Monitoring Machine Learning: Interview with Oren Razon

This is the third post in a 3-part blog series about monitoring machine learning models in production. In this post I had the opportunity to interview Oren Razon Co-Founder and CTO of superwise.ai. We discussed challenges of operationalizing machine learning, the different types of model drift that can occur, and who owns ML monitoring in organizations. Be sure to check out Part 1 and Part 2 of the series.

In a previous post we introduced the topic of monitoring machine learning models in production. We established that machine learning applications have specific monitoring needs distinct from those of traditional software applications because of the non-deterministic nature of ML. This non-determinism, as well as the complex infrastructure required to operate and support deployed models, requires novel monitoring and testing solutions.

But despite its importance, most companies deploying ML today are just beginning to think about monitoring. Rather than plan monitoring needs ahead of time, companies deploying ML typically create ad-hoc monitoring solutions after they run into problems. While some companies plan ahead by automating procedures like model retraining, even these steps can be insufficient when guarding against production issues.
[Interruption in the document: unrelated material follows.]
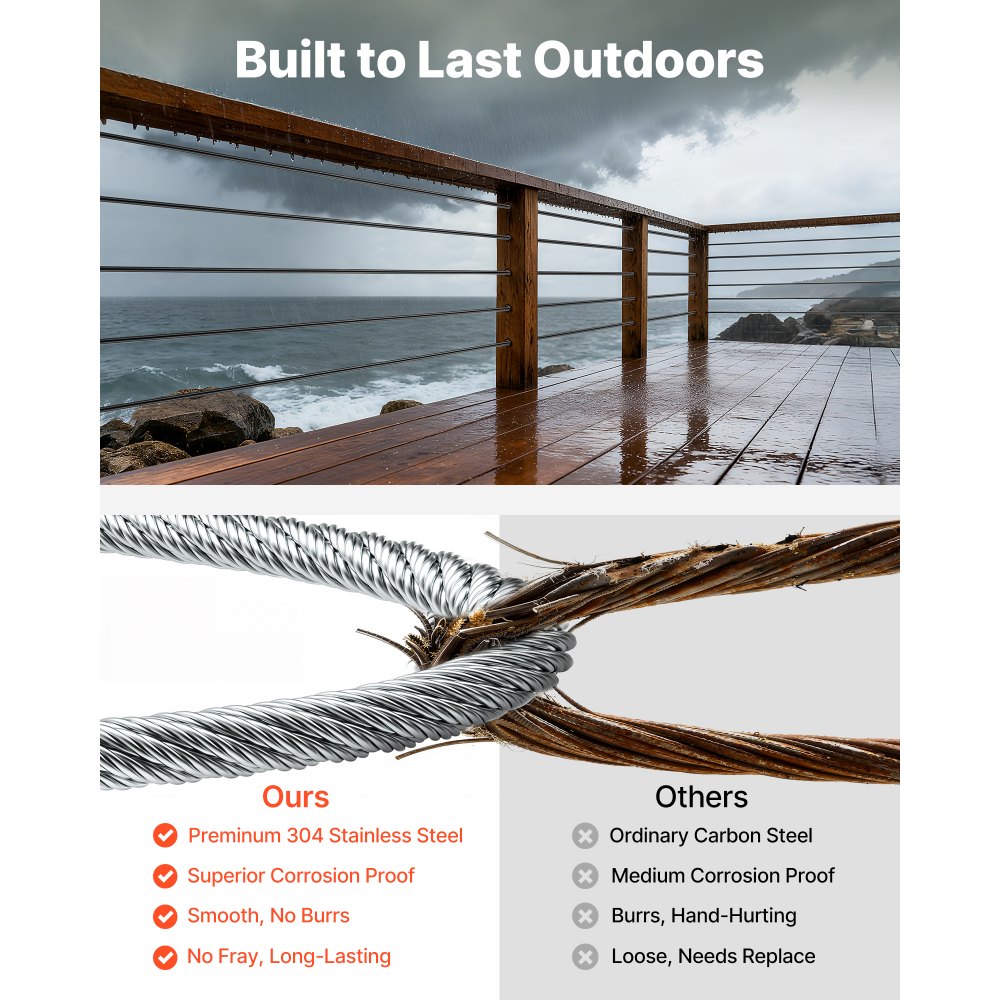 VEVOR 2.38 mm Wire Rope Kit, 50.3 m Length, 304 Stainless Steel Wire Cable, 2 kN Breaking Strength, 7 x 7 Strands Construction, Steel Cable for Deck Railing System, Garden Trellis, String Lights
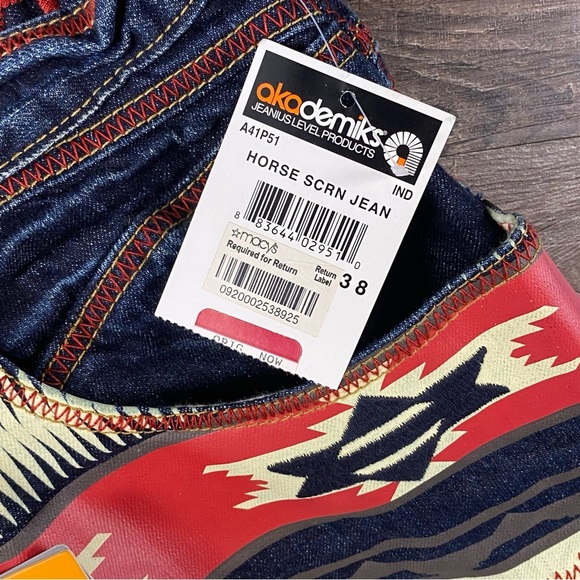 Akademiks Jeans Men 38x32 Aztec Baggy Y2K Dark Wash Embroidered Skater VTG Rare - Picture 6 of 14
According to Oren Razon: “Retraining ‘in the dark’ is not enough. Once there’s data drift or a performance incident, you need to be able to investigate the underlying change, and understand what actually happened.”

Oren Razon is the CoFounder and CTO of superwise.ai, a startup building a machine learning monitoring platform. Before co-founding the company, Oren led ML activities at Intel and ran a machine learning consultancy helping organizations across industries like finance, marketing, and gaming build and deploy machine learning applications. I had the chance to interview Oren about the challenges of monitoring machine learning in industry today.

Interview with Oren Razon

1. What are the main challenges you see in organizations seeking to operationalize their machine learning efforts?

There’s a consensus among ML professionals today that there’s a gap in the industry. As more and more models are moving to the deployment or production phase, ML professionals lack a clear and practical understanding of the KPIs necessary to monitor the health and performance of their models.

But metrics are not the only missing piece in the MLOps puzzle. Monitoring ML in production also requires bridging an organizational gap: one that exists between the needs of the data science teams for clear KPIs, and the needs of the operational/business teams for more visibility into, and better understanding of, the processes that lead to predictions being made. And this gap can only be bridged with a more encompassing view, and not solely through the eyes of the data science teams. Especially if companies want to scale their ML activities.

At the end of the day, the main challenges I’ve witnessed are around these two gaps: the technical one that focuses on the needs of the data science teams, and the organizational one that’s about ownership and the question of whose responsibility it is to manage the AI and its results in the organization. Because once the models go live, they have a life of their own that’s closer to the business and the operations.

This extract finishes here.